Some nights, however, aren’t a good time to visit – a few sour critics would say that there is never a good night to visit Roppongi. I went for the first time on New Year’s Eve 2001. Nearly the entire crew contingent of the USS Kittyhawk aircraft carrier was there to meet, compete, and throw-up on me – a good place to go if you were female or gay, but not both.

The danger is staying too long. If you don’t find your special someone to fill your emotional void within a few hours or you miss your last train, you will see the horror of Roppongi in the morning. Morning is not a friend to Roppongi. It’s cruel. Daylight hits Roppongi with the gentleness of a sledgehammer wrapped in barbed wire. Morning shatters the glamour, the egos and the illusions given by the night.
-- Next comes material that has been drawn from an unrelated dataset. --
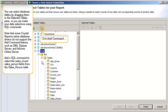Note that some Crystal Reports native database drivers do not support the add command feature, such as DB2, Sybase Server, and Informix Online Server.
When a club’s flashing lights switch to a stagnant piercing glare, the beautiful cool people you were just grooving with are suddenly replaced by a bunch of haggard hung-over hags and trolls. Rushing out into the streets doesn’t save you either as the streets are choked with packs of shambling, stumbling walking dead. In the shadows, pale party-goers avoid sunlight like quaking vampires by seeking the darker recesses of the subways lest they explode in a noxious cloud of bone and dust.

In the bowels of the subway station, the survivors of the night huddle like war-weary, third-world refugees as they await the train that will carry them away from this hell. Very few are capable of standing. Most pass out in their or somebody else’s filth. The few who are conscious stare into the void with bleary, blood-shot eyes like shell-shocked war veterans who have been too long up at the Front.

You tell yourself: “Never Again!” as you lurch for the train along with the rest of the wretched masses yearning for escape. You know deep down, however, you will be out here again and again.